[Problem to solve]
Extract exactly and only the lines of the data below, starting at the line with "Sunpan Gibbons Mid-Century" and stopping after the final line.

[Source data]
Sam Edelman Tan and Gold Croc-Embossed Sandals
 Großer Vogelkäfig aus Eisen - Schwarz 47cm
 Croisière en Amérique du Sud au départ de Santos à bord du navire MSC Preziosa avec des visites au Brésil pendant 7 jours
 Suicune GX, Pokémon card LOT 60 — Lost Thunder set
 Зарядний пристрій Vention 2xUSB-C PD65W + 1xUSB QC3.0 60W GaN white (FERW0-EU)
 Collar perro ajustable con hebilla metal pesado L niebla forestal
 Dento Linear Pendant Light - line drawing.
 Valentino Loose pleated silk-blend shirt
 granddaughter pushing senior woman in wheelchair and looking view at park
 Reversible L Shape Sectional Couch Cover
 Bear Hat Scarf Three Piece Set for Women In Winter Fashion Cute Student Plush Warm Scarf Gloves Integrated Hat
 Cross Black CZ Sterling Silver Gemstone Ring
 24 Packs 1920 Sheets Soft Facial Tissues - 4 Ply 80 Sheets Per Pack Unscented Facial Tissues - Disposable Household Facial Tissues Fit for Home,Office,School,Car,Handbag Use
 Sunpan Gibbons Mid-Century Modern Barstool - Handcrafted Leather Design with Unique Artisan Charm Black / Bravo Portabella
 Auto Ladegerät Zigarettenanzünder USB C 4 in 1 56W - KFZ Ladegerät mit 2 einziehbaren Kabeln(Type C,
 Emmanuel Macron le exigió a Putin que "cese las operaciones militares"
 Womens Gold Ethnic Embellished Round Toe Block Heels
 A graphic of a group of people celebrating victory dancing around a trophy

[Solution to this exercise]
 Sunpan Gibbons Mid-Century Modern Barstool - Handcrafted Leather Design with Unique Artisan Charm Black / Bravo Portabella
 Auto Ladegerät Zigarettenanzünder USB C 4 in 1 56W - KFZ Ladegerät mit 2 einziehbaren Kabeln(Type C,
 Emmanuel Macron le exigió a Putin que "cese las operaciones militares"
 Womens Gold Ethnic Embellished Round Toe Block Heels
 A graphic of a group of people celebrating victory dancing around a trophy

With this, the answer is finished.